Alana Cooper-Prince

2/24/16

Eye of the Story

 

Close Viewing of My America… or Honk if You Love Buddha

The film My America… or Honk if You Love Buddha is a film that combines humor with very serious subject matter as a way to explore what it means to be Asian-American. In my close viewing, I will be focusing on a few minutes from the segment about Bill and Yuri Kochiyama.

The scenes that show Yuri Kochiyama taking pictures with the camera she keeps around her neck are a good example of something that the film does so well, which is to inject humor into very somber subject matter. By blending humor and seriousness, the film its story in a way that makes it easy for the audience to relate to. Many of us, in our own lives, have that one family member who always wants to get a picture to capture the moment, and they won’t allow you to move on until they get the perfect shot. Our first introduction to Yuri is with her standing in front of the camera, with her own camera ready, and then we hear the click that means that she’s taken the picture, and then she says, “Wait a minute, I want to get another one.”

The scene in which Bill and Yuri are talking to Tajima-Pena about their first meeting is also a good example of this. They are conversing back and forth about when exactly they met, and it’s a very sweet, short glimpse into how they interact with each other, lovingly bickering about certain details. We find out that they met in the Jerome, Arkansas camp, where Bill went with his army company for the weekend and in which Yuri was being interned. The entire setting of their meeting is very dark; after all, it’s a camp where Yuri was literally kept prisoner for several years. But that’s not what they dwell on. Instead of focusing on what could otherwise make for a very depressing story, they talk about how they met, fell in love, argue good-naturedly about the specific date that they first met.

After we first find out about Yuri being interned at the camp, the film cuts to the voice of a man speaking cheerfully over images and videos of people setting up a camp in the middle of nowhere. The voice says: “Here in the land of Buffalo Bill, the government is erecting model camp towns, towns in which they’ll (meaning Japanese Americans) live unmolested, not as prisoners, but free to work, and paid by the United States government. Bathtubs, yes, all the comforts of home. The Japanese in America are finding Uncle Sam a loyal master despite the War.” The images that are playing underneath the voice show people happily setting up and constructing a camp, then proudly surveying the finished product. This is obviously propaganda, shown during the War to prove the government’s point that the camps were a great place to be.

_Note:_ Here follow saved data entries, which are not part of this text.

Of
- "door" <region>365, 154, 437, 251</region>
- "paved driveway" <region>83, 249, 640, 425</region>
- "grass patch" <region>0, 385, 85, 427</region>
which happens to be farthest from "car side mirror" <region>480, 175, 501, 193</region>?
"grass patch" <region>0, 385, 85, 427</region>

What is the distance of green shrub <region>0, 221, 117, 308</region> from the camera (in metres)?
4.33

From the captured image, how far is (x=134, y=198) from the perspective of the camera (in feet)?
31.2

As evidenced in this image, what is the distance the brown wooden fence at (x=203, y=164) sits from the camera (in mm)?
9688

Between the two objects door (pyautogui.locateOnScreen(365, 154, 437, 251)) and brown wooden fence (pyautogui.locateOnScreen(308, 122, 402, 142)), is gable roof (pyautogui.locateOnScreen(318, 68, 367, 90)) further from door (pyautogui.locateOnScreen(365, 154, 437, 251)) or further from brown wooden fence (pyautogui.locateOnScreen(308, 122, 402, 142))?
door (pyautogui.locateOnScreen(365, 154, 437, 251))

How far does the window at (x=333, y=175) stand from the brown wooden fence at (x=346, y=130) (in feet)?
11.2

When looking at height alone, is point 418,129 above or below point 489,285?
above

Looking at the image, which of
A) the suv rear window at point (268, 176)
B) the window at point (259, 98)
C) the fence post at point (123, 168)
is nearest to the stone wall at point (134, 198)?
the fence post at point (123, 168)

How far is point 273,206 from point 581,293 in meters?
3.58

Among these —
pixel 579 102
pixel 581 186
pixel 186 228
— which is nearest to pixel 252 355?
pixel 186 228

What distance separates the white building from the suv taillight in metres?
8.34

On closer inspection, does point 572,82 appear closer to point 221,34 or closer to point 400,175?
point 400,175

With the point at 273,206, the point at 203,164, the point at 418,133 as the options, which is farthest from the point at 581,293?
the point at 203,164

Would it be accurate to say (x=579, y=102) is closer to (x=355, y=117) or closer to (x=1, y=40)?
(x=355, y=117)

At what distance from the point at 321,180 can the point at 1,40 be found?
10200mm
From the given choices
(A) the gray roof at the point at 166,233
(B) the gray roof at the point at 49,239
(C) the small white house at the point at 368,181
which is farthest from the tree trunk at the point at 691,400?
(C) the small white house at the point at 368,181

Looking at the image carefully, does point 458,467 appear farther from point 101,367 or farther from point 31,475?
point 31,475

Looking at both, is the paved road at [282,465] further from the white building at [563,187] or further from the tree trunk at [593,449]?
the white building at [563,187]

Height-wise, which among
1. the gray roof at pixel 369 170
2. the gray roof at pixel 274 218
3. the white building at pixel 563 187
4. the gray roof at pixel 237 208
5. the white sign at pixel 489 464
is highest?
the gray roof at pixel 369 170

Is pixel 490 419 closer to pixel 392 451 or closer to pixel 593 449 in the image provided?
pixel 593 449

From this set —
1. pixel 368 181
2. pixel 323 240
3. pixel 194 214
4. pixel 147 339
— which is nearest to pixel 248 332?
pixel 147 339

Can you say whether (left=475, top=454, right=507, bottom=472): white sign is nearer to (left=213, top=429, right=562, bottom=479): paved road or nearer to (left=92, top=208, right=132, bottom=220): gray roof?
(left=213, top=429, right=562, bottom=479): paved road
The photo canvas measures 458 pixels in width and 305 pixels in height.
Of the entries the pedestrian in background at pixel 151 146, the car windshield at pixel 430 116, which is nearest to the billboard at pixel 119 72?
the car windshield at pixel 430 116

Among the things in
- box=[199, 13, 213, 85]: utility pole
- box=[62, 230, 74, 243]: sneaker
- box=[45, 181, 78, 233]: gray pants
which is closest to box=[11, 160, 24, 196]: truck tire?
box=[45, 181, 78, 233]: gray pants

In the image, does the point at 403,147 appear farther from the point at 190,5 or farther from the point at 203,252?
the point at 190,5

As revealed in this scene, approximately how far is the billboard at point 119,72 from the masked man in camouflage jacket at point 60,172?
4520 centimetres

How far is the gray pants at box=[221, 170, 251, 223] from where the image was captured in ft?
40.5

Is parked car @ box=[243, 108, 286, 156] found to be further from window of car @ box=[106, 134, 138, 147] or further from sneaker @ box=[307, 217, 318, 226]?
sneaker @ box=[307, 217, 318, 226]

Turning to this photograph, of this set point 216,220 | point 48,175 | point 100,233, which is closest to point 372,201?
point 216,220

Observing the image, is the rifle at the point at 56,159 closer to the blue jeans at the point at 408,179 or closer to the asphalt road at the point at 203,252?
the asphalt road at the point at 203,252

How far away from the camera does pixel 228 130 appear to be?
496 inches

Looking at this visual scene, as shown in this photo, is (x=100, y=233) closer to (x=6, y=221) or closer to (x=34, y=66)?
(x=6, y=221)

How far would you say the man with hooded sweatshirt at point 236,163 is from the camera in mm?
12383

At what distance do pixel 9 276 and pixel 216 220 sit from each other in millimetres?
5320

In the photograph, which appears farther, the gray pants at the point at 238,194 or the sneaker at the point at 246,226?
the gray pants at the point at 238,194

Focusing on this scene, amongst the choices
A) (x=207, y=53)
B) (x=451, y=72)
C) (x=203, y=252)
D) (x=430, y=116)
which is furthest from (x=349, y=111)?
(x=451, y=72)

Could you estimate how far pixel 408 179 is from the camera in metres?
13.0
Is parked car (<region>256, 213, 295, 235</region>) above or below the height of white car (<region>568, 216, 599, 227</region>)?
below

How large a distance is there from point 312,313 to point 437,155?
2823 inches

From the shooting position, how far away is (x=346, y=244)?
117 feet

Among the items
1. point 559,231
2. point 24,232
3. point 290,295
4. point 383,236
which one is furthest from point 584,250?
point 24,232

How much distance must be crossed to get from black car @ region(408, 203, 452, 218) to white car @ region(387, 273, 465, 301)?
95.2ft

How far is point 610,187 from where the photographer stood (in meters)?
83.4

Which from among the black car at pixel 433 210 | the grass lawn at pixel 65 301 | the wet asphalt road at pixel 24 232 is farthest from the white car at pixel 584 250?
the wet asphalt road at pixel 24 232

Tajima-Pena shows this is in an ironically humorous way. The audience, hopefully somewhat  knowledgable about U.S. history, has already heard the Arkansas camp be called a concentration camp where Yuri was kept prisoner, and they know that this was not some sort of haven where Japanese Americans could go if they so chose. Tajima-Pena’s choice to inject humor in this way very effectively contrasts with the very next scene, and the rest of the film, to show just how troublesome conversations about the internment camps were, and still are. In this scene is Bill and Yuri visit Jerome, Arkansas, expecting to see the camp where Yuri had been interned. Instead, what they find is an empty field, and Yuri is dismayed and angry when she realizes that the camp is gone. She exclaims “Wait a minute-what’s that empty space? Is that the camp?” She finds out from the man who comes by in his truck, John Ernest Owington, that he buried the camp, and he’s very unconcerned about her obvious dismay about this. Their conversation continues with him saying “Y’all wasn’t prisoners of war”, to which she responds, “Well, we kind of were”, and he denies this, saying, “You were interned for your own protection”. Yuri replies that the Japanese Americans who were in the camp thought of themselves as prisoners. (We find out later on in the film that one of Tajima-Pena’s teachers actually claimed that there were never concentration camps for Japanese Americans during the War, that something like that wasn’t possible in the U.S., thereby denying the experiences of an entire group of people, and invalidating the painful memories and experiences of the past.)

Even this troubling exchange is lightened, again by Yuri and her desire to document her life through taking pictures. Even though she has just found out that the place where she had been a prisoner for several years was buried, she keeps talking to John Ernest. When she finds out that he spent some time visiting with the Japanese Americans in the camp (although, to be clear, this is according to him, the same man who thought that it was for their own good and that it had been their choice to be in the camps), she is surprised, and wants to get a picture of him. She then proceeds to try to get a good shot of him, and when she can’t because he’s in the truck, she says “Put your head out more, cause I can’t see you,” and she actually gets him to open the door and face out of the side of the truck, towards the camera. It’s a moment that the viewer can easily relate to– most of us, or someone we know, like to document important moments in our lives, try to get that perfect shot, even if it’s impractical and exasperating for everybody else. Yet it’s also a moment that is based on a very painful past, something that remains in the back of the viewer’s mind, even as the interaction brings a smile while watching.

What My America does so well is to combine humor and history and very serious subjects in a way that allows the viewer to be absorbed in the film, and to empathize with the characters, without making the subject matter and the mood so heavy that a feeling of gloom permeates the entire film. Instead, what we see is an exploration of what it means to be Asian-American, in different ways and through the stories of many different people.